§ What you are asked to do: Reproduce the lines of the material exactly, excluding every image.

§ Data extract:
□ □ □ □ □ □ □

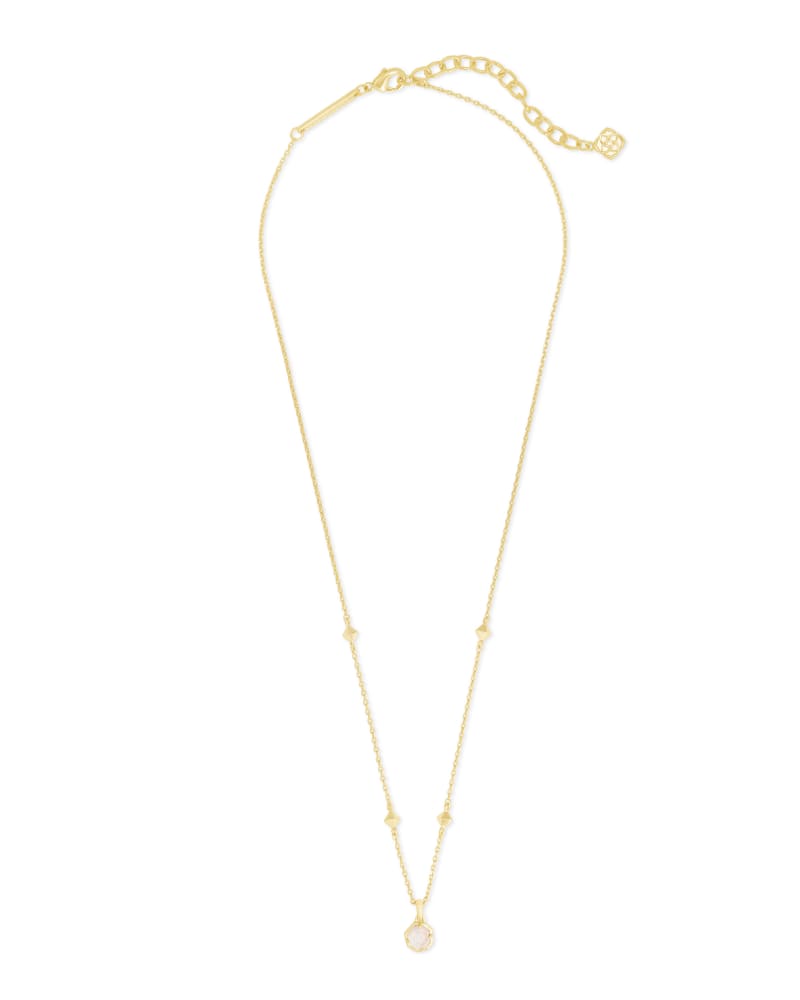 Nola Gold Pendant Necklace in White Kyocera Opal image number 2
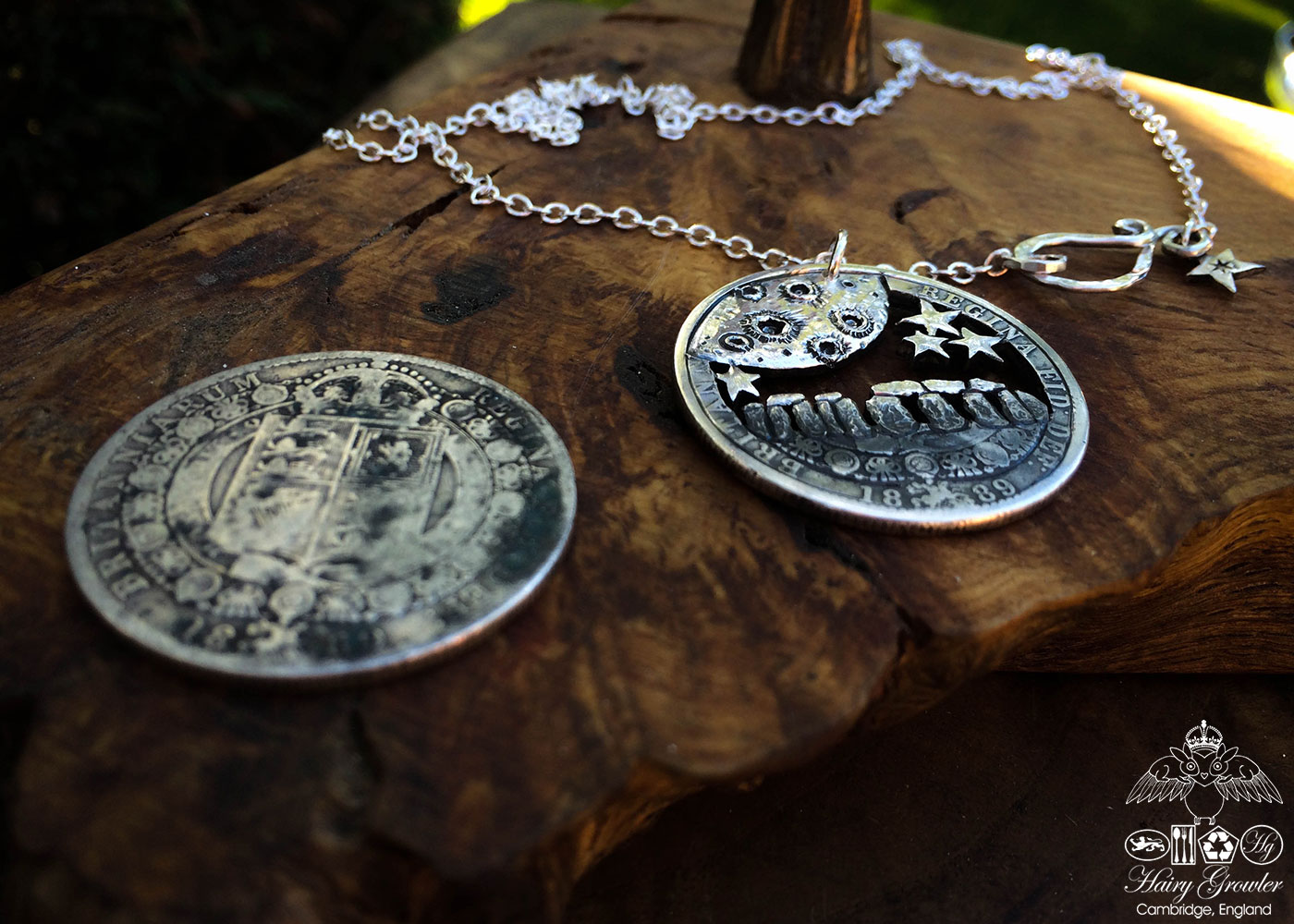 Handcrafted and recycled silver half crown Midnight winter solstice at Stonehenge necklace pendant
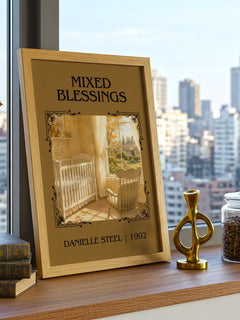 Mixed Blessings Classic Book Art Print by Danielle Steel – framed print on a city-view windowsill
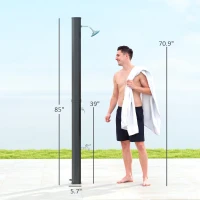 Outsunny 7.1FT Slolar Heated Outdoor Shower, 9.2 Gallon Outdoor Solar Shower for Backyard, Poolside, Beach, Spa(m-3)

□ □ □ □ □ □ □

§ Task output:
 Nola Gold Pendant Necklace in White Kyocera Opal image number 2
 Handcrafted and recycled silver half crown Midnight winter solstice at Stonehenge necklace pendant
 Mixed Blessings Classic Book Art Print by Danielle Steel – framed print on a city-view windowsill
 Outsunny 7.1FT Slolar Heated Outdoor Shower, 9.2 Gallon Outdoor Solar Shower for Backyard, Poolside, Beach, Spa(m-3)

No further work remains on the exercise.